___ Information provided ___

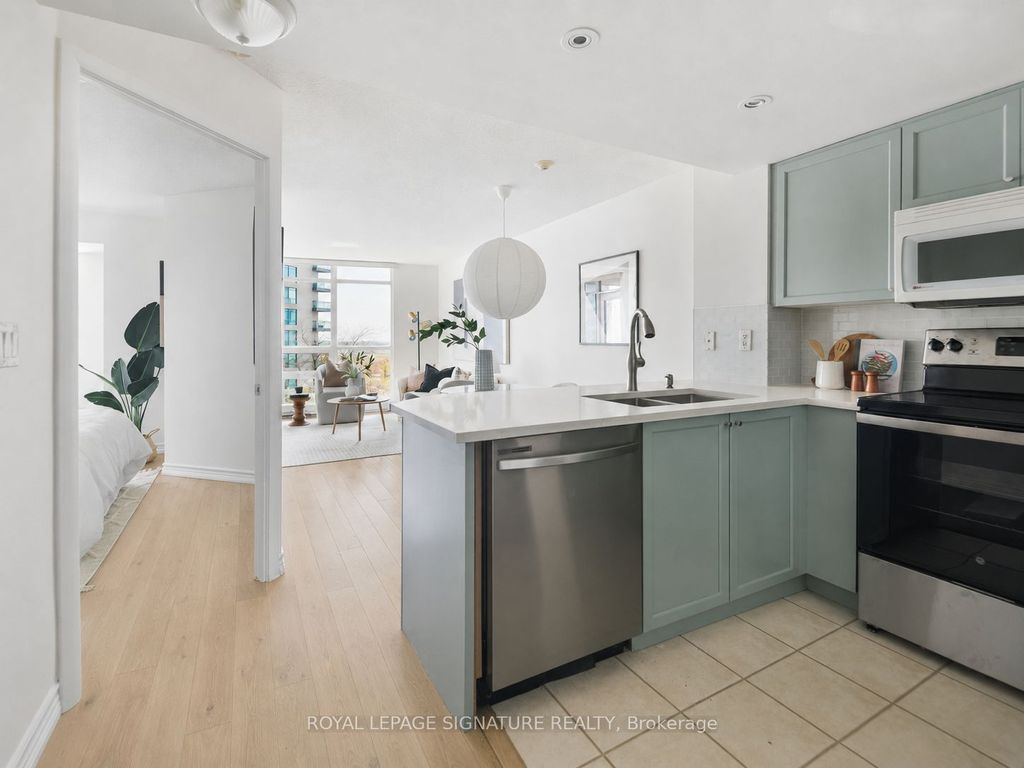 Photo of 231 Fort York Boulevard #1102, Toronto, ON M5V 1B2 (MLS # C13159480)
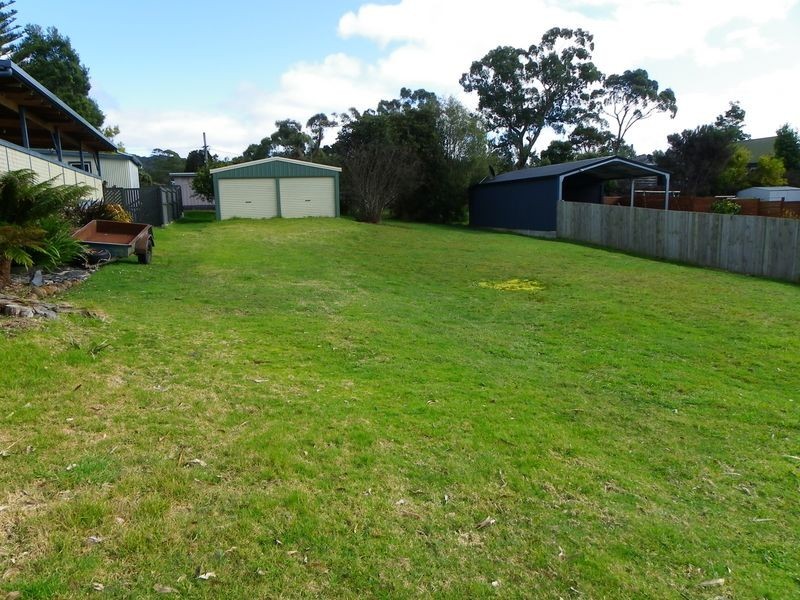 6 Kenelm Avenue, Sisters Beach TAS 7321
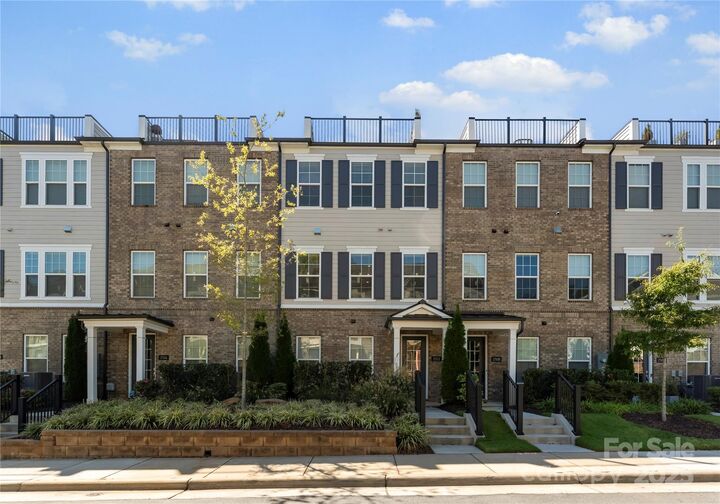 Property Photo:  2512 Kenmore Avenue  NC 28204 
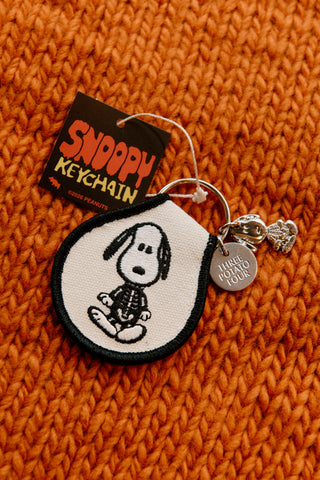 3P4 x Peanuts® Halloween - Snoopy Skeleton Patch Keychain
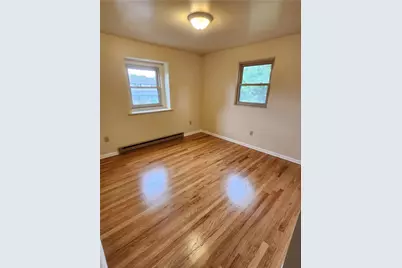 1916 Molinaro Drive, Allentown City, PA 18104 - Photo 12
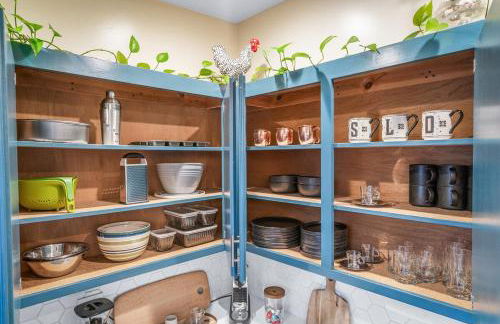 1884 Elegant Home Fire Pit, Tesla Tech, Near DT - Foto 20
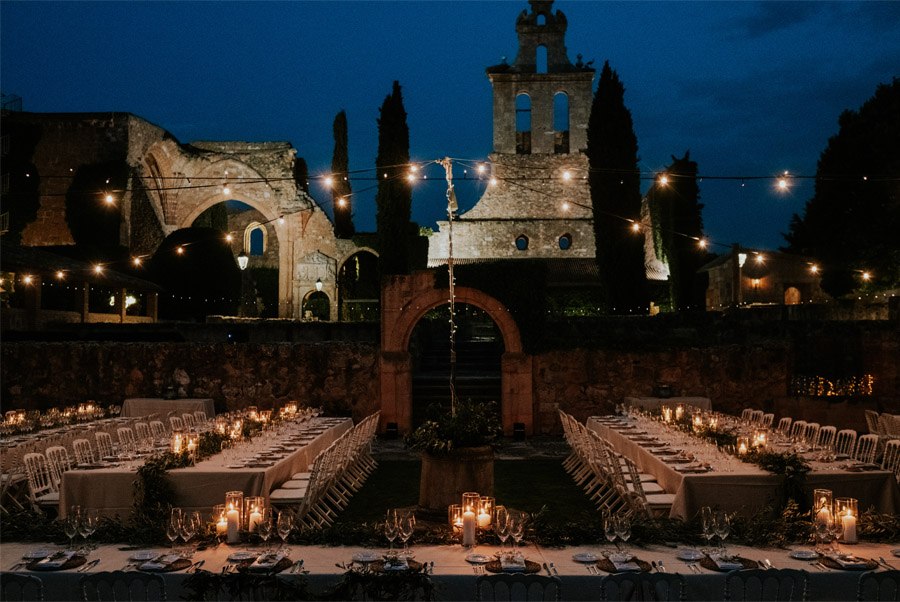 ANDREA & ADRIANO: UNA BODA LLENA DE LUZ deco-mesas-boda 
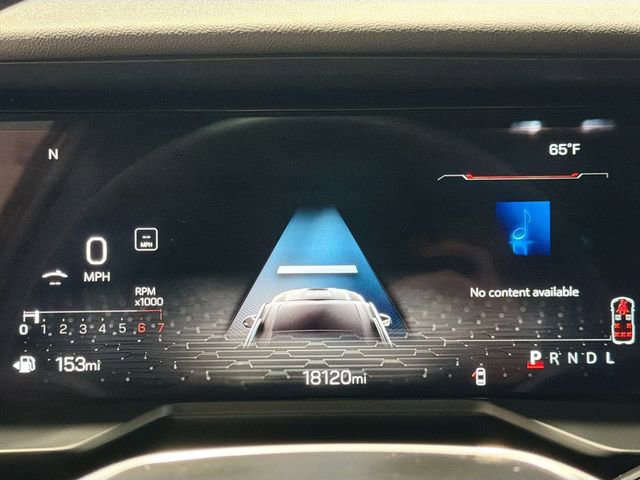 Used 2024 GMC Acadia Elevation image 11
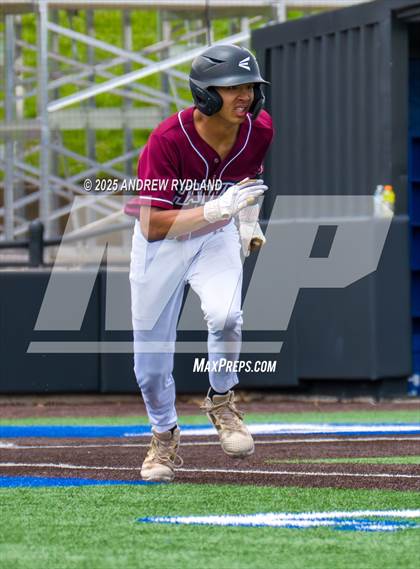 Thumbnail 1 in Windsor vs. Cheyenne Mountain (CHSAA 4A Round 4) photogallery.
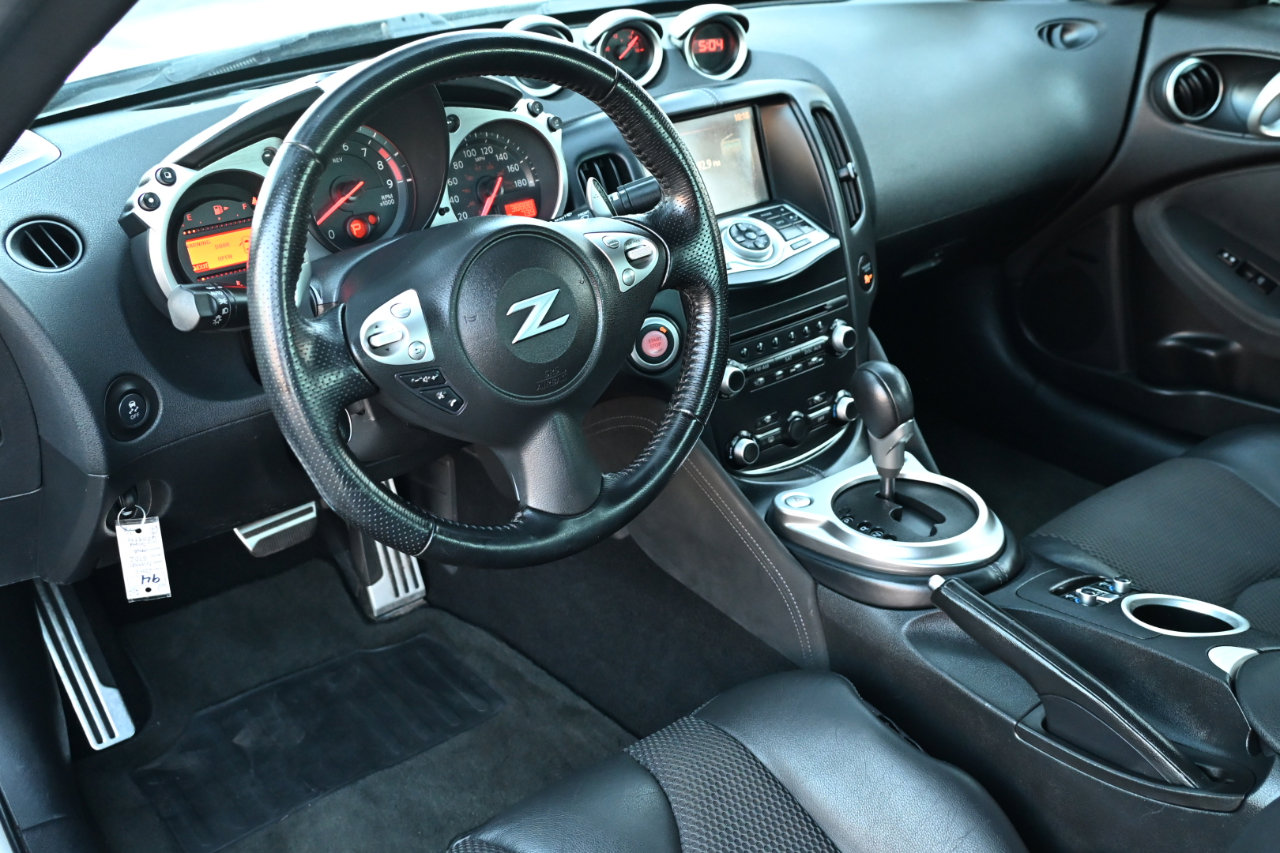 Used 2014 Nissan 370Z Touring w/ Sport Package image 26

___
___ Information provided ___

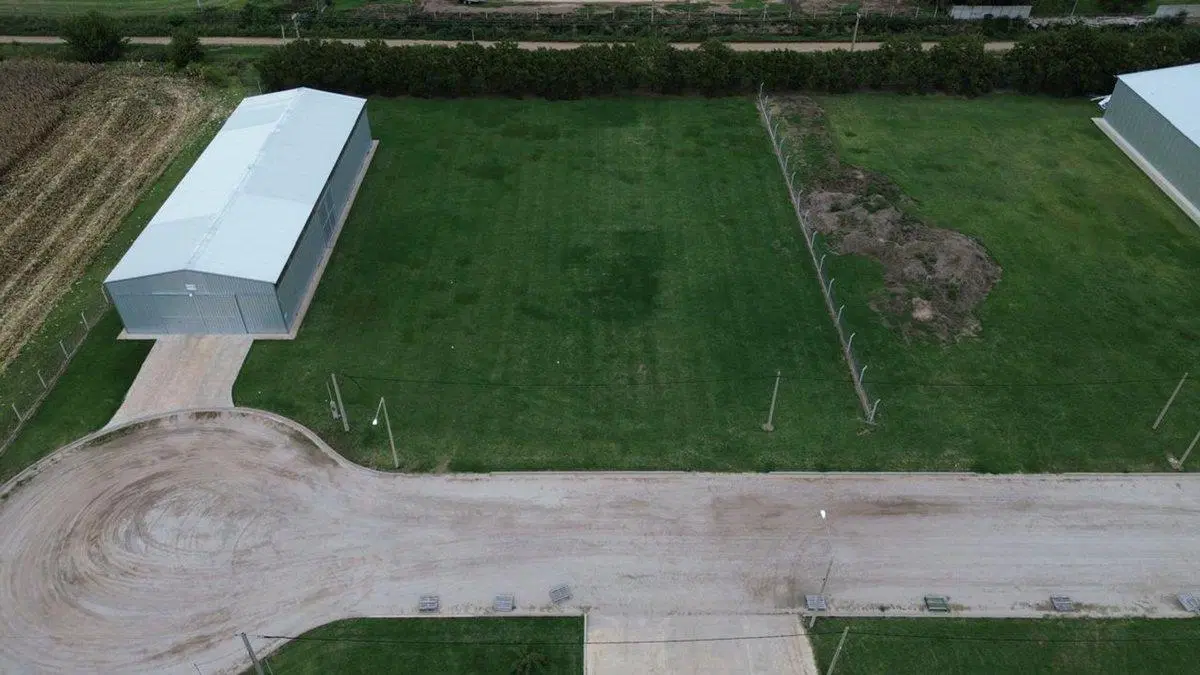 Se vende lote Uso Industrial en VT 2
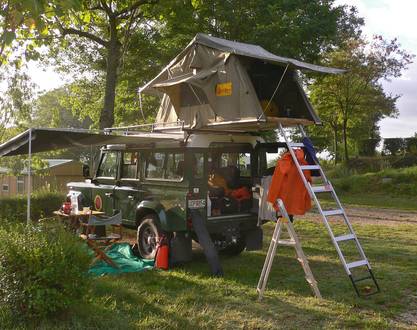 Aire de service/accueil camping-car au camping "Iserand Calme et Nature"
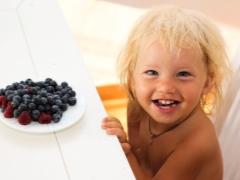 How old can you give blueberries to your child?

___
___ Information provided ___

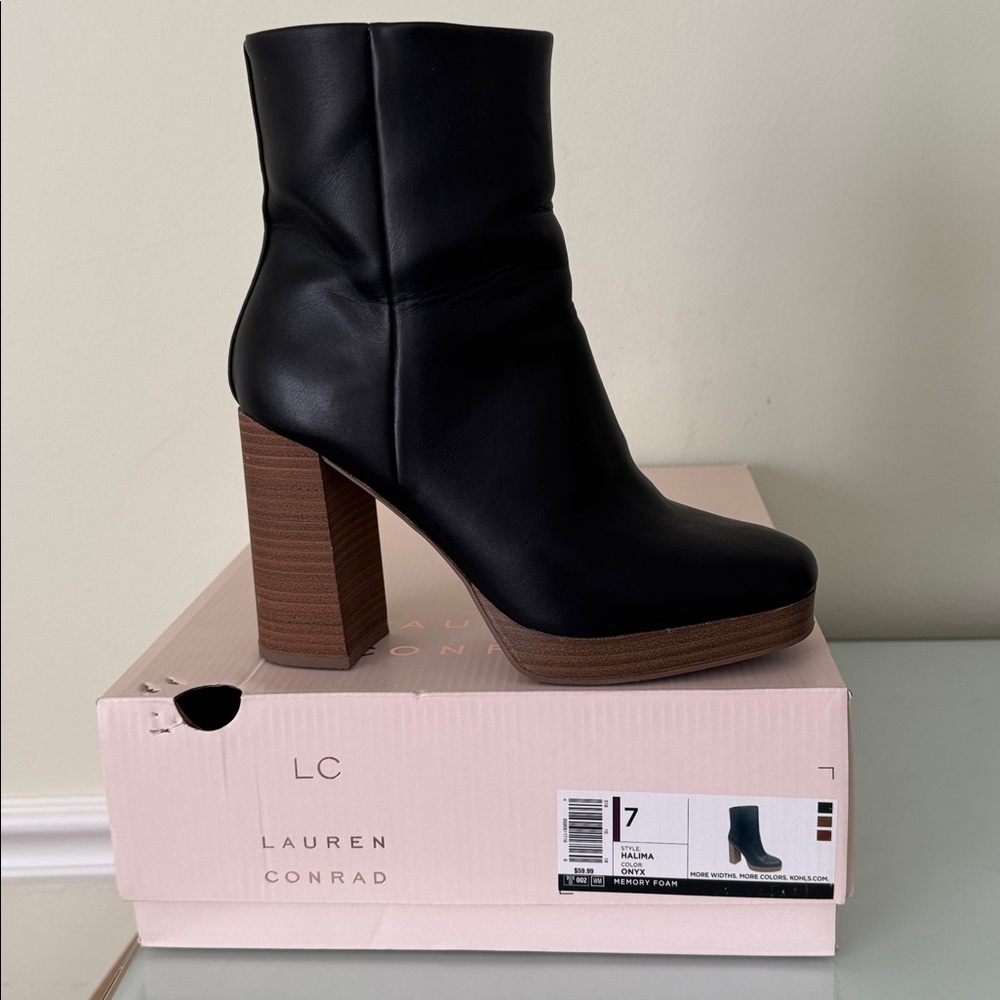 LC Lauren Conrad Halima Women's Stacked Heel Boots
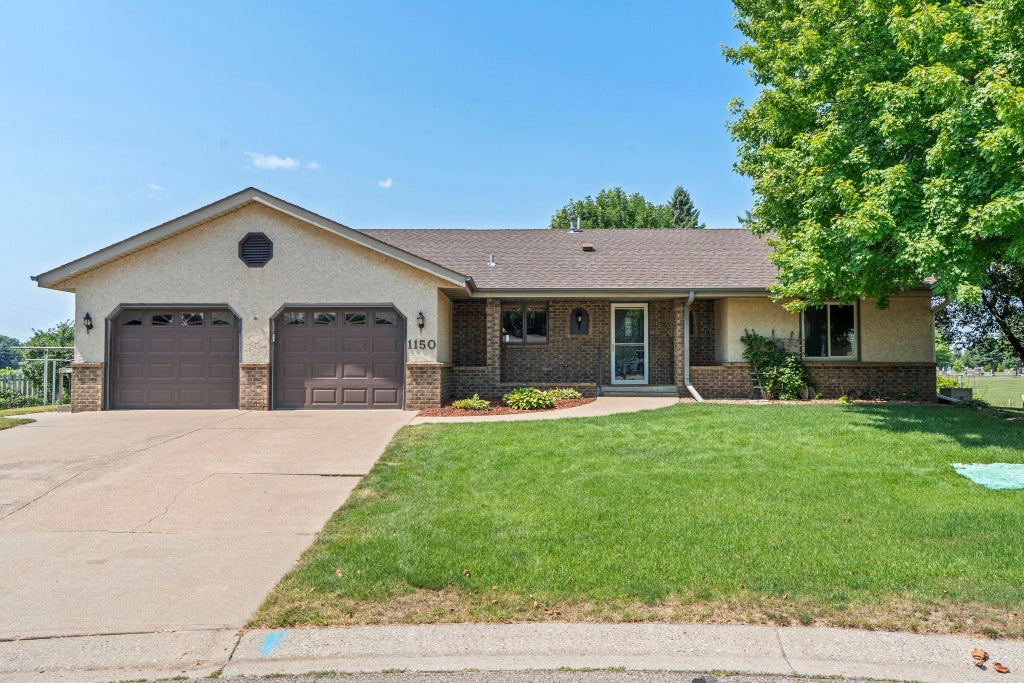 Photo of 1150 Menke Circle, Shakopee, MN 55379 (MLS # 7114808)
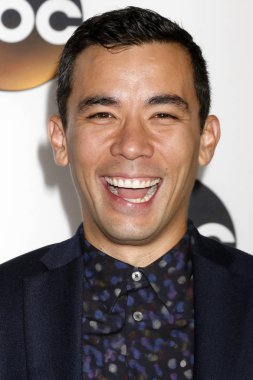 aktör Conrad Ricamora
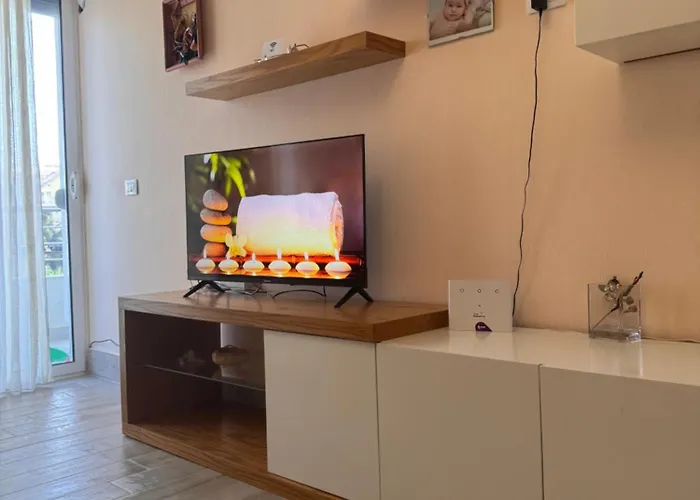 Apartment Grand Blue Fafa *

___

Above are the records. Copy only the lines from the one with "Photo of 231" through the one with "Used 2014 Nissan", exactly, with no pictures.

* _Answer to this problem_:
 Photo of 231 Fort York Boulevard #1102, Toronto, ON M5V 1B2 (MLS # C13159480)
 6 Kenelm Avenue, Sisters Beach TAS 7321
 Property Photo:  2512 Kenmore Avenue  NC 28204 
 3P4 x Peanuts® Halloween - Snoopy Skeleton Patch Keychain
 1916 Molinaro Drive, Allentown City, PA 18104 - Photo 12
 1884 Elegant Home Fire Pit, Tesla Tech, Near DT - Foto 20
 ANDREA & ADRIANO: UNA BODA LLENA DE LUZ deco-mesas-boda 
 Used 2024 GMC Acadia Elevation image 11
 Thumbnail 1 in Windsor vs. Cheyenne Mountain (CHSAA 4A Round 4) photogallery.
 Used 2014 Nissan 370Z Touring w/ Sport Package image 26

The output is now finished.